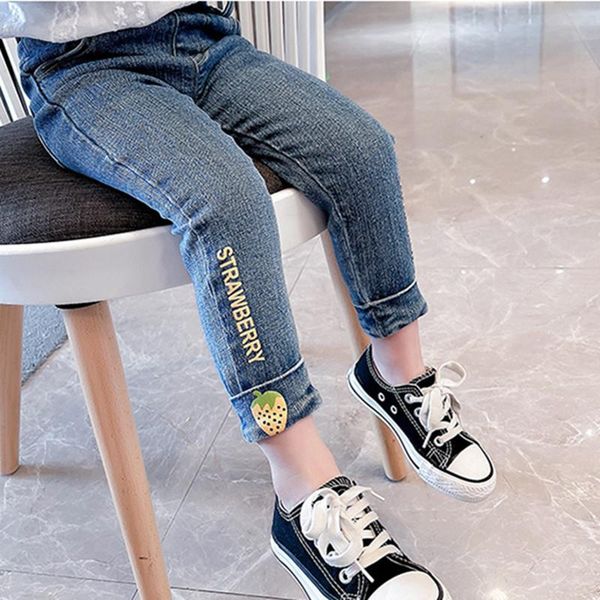 jeans toddler girls pants kids fashion spring autumn long skinny denim trousers elastic waist strawberry pencil 1-7yrs, Blue
jeans toddler girls pants kids fashion spring autumn long skinny denim trousers elastic waist strawberry pencil 1-7yrs, Blue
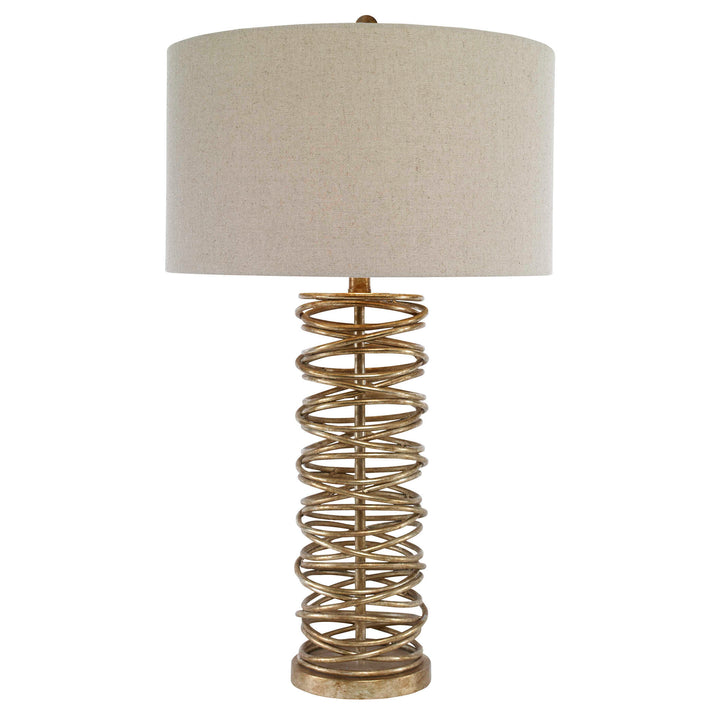 American Home Furniture Uttermost Amarey Metal Ring Table Lamp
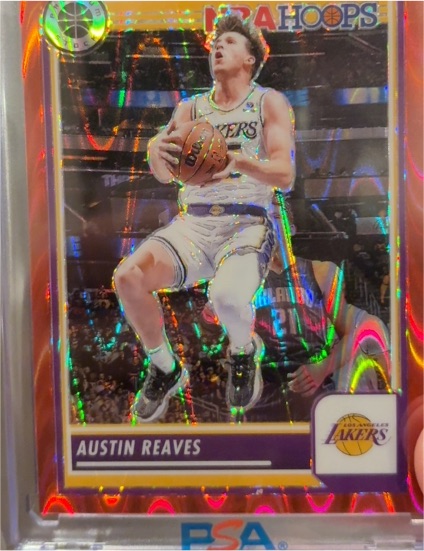 2023-24 Panini Hoops Premium Stock #120 Austin Reaves — front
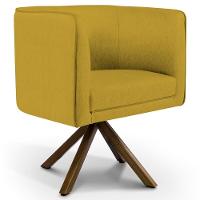 Kit 02 Poltronas Betina D02 Veludo Mostarda C-279 - 5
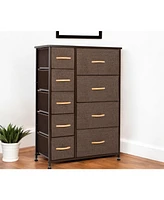 Steel and Fabric 9-Drawer Combo Dresser – Versatile Storage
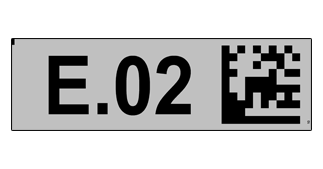 ONE2ID retro-reflectief etiket lange afstand scannen barcode label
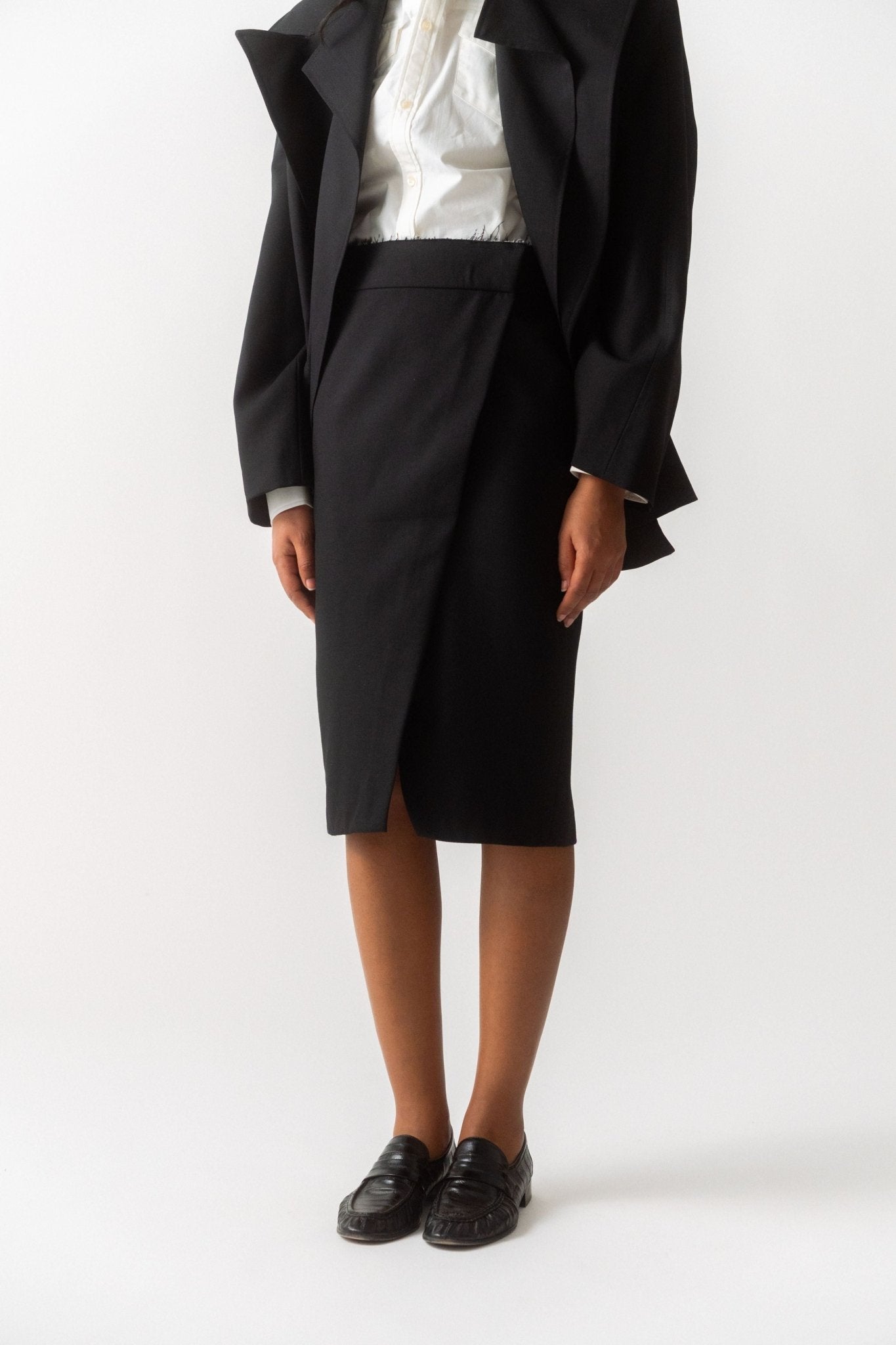 Róhe Raw Edge Knee-Length Skirt - Bessette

- - - -

Exercise directions:
Return the data exactly. Do not carry over any images.

Worked solution:
 jeans toddler girls pants kids fashion spring autumn long skinny denim trousers elastic waist strawberry pencil 1-7yrs, Blue
jeans toddler girls pants kids fashion spring autumn long skinny denim trousers elastic waist strawberry pencil 1-7yrs, Blue
 American Home Furniture Uttermost Amarey Metal Ring Table Lamp
 2023-24 Panini Hoops Premium Stock #120 Austin Reaves — front
 Kit 02 Poltronas Betina D02 Veludo Mostarda C-279 - 5
 Steel and Fabric 9-Drawer Combo Dresser – Versatile Storage
 ONE2ID retro-reflectief etiket lange afstand scannen barcode label
 Róhe Raw Edge Knee-Length Skirt - Bessette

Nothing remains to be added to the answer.